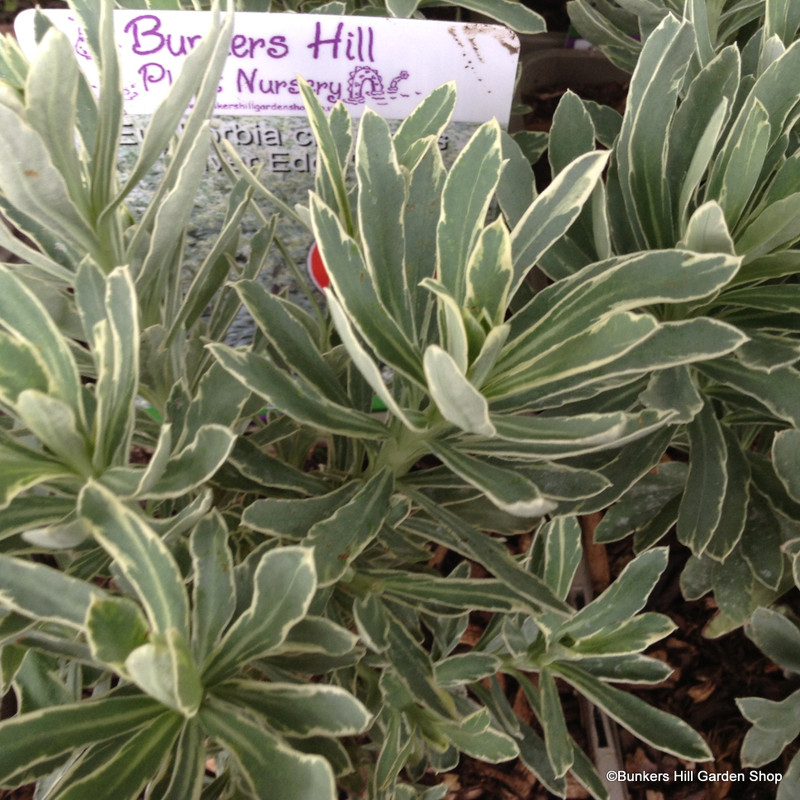 Euphorbia characias 'Silver Edge'-3L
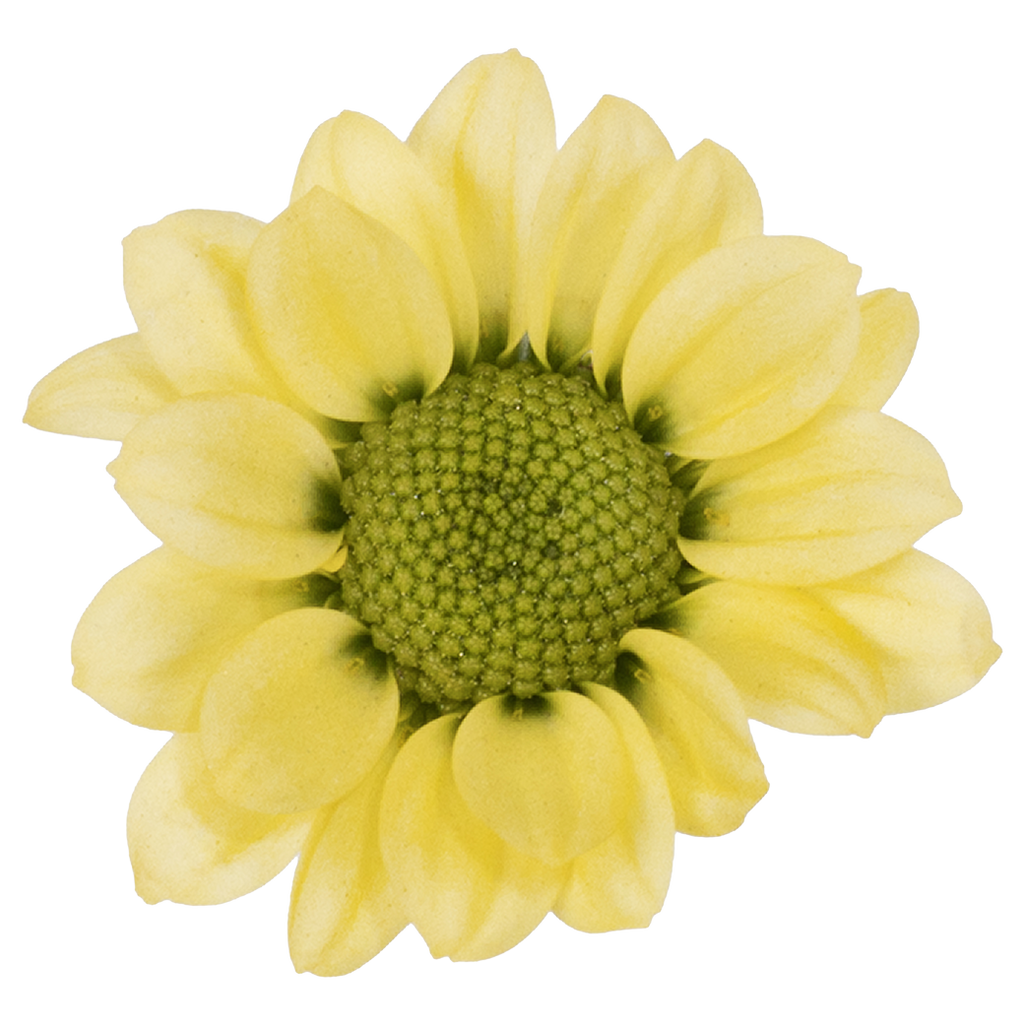 Crisantemo Santini Nebula Lemon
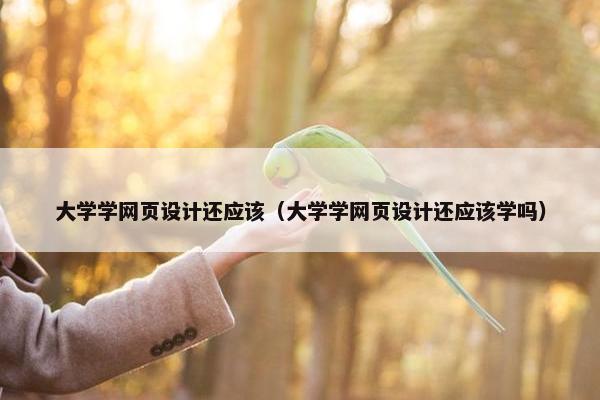 大学学网页设计还应该（大学学网页设计还应该学吗）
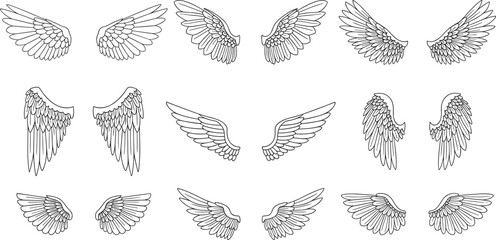 Angel wings line illustration set with detailed feathered wing designs for tattoo art fantasy character spiritual symbol and decorative graphic design use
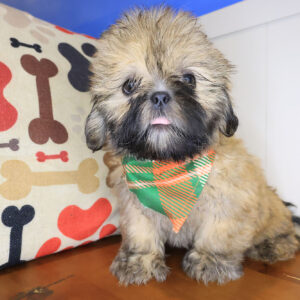 Lafitte Shih Tzu 01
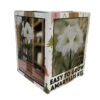 Amaryllis Kit: White Christmas + Plastic Pot/Soil/Bulb - Large Bulb 26/28cm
------------------------------------------------------------
- REQUIRED ACTION
Pictures aside, reproduce the listing above exactly.

- ANSWER SECTION
 Euphorbia characias 'Silver Edge'-3L
 Crisantemo Santini Nebula Lemon
 大学学网页设计还应该（大学学网页设计还应该学吗）
 Angel wings line illustration set with detailed feathered wing designs for tattoo art fantasy character spiritual symbol and decorative graphic design use
 Lafitte Shih Tzu 01
 Amaryllis Kit: White Christmas + Plastic Pot/Soil/Bulb - Large Bulb 26/28cm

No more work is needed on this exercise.